Some members may find it difficult to “visualize” exactly what we are doing, so the following graphic is an attempt to, perhaps, make it a little easier to understand:
The above plot shows actual data for VTI. The blue peaks and valleys show the value of the short term (91 day) momentum. As can be seen, the value of this parameter oscillates between ~ +/- 15%. The same thing holds for the (182 day) long term momentum (green plot) that oscillates between ~ +/- 10%. The time period along the x-axis is ~ 4 years. For positive momentum values (above the axis) when the blue peaks can be seen above the green peaks, short term momentum is greater than long term momentum and when the blue peaks are hidden behind the green peaks the short term momentum is lower than the long term momentum. The above graphic is not quite scaled correctly but (approximately) when there is a cross of the blue and green lines (e.g. orange squares) this would correspond to a change in the “Absolute Acceleration” number we see in the spreadsheet i.e. it would be positive if we can see the blue, negative when the blue is hidden.
Reverse the above statements for troughs below the horizontal axis – but we’re not too interested in these.
The dark red line shows the 33 day (future) return from the date on the horizontal axis at which the momentum measurements are made. e.g. at the bright red line, had an investor bought VTI then he/she would have seen ~5% return over the next 33 days. Note the lack of data at the right hand edge of the graphic since, obviously, the 33 day future return cannot be measured ahead of time.

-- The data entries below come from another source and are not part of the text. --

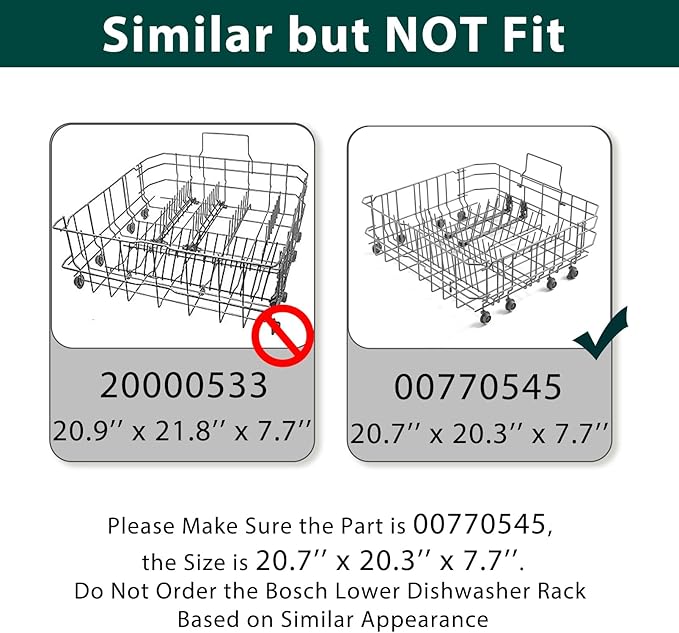 00770545 Dishwasher Lower Rack Replacement Parts for Bosch Ascenta Lower Basket 20.7’’ x 20.3’’ Crockery Drawer SHX3AR75UC SHE3ARF5UC/21 SHX84AAF5N 100 Series 24’’ Dishwasher Bottom Dishrack 1 Pack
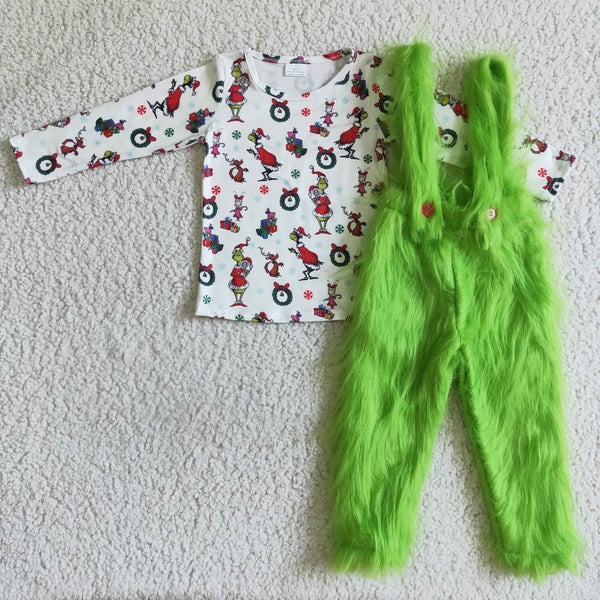 6 B0-4 christmas outfits for kids boy christmas set shir + fur pants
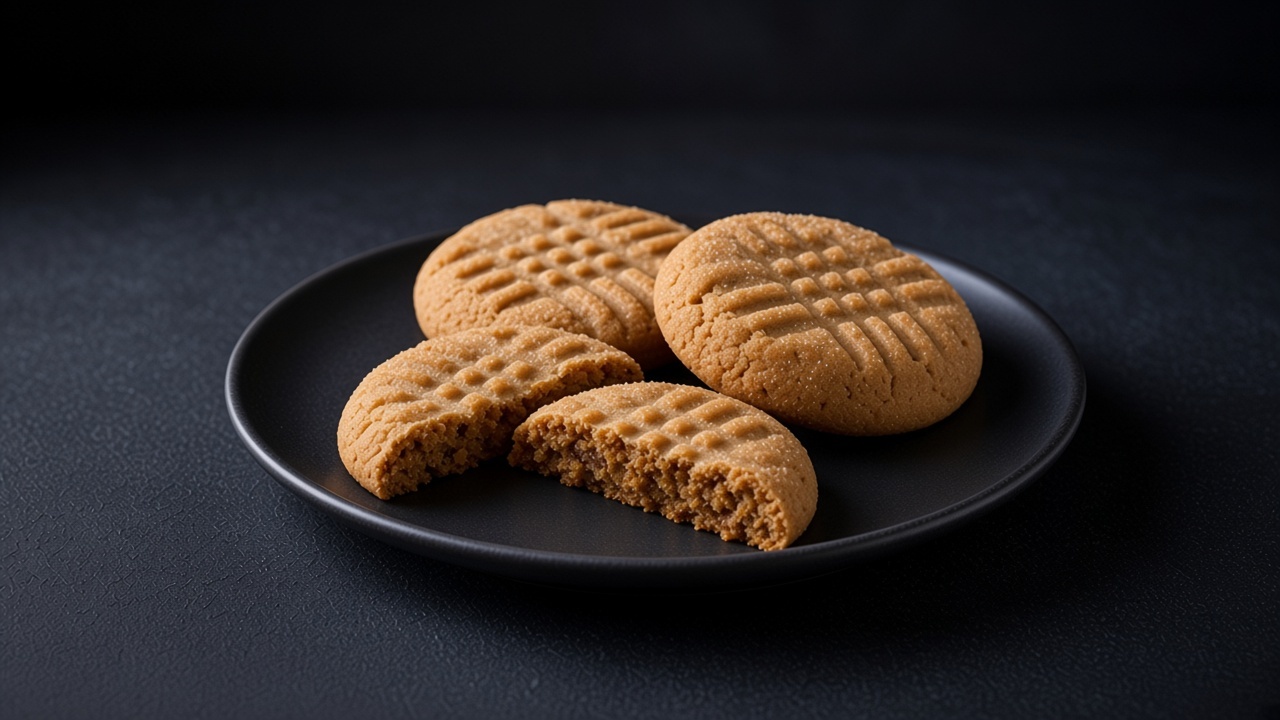 Less-sugar peanut butter cookies with a fork criss-cross on a black plate.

The simplest observation to be made from looking at this graphic is that generally, if both short and long term momentum is positive (e.g. in the area of the yellow oval) then we have a high probability of seeing a positive return (dark red line) if the asset is held for 33 days.
We can also see from the above that momentum investors will not benefit from “bottom fishing”. Note the high returns in the blue oval at the left side of the graphic – but the negative short and long term momentum values. Momentum is a longer term trend following system and “lag” is an inherent feature of the methodology.
I don’t know whether this will help members visualize what we are doing a little more clearly – but I thought I would post in case it helps.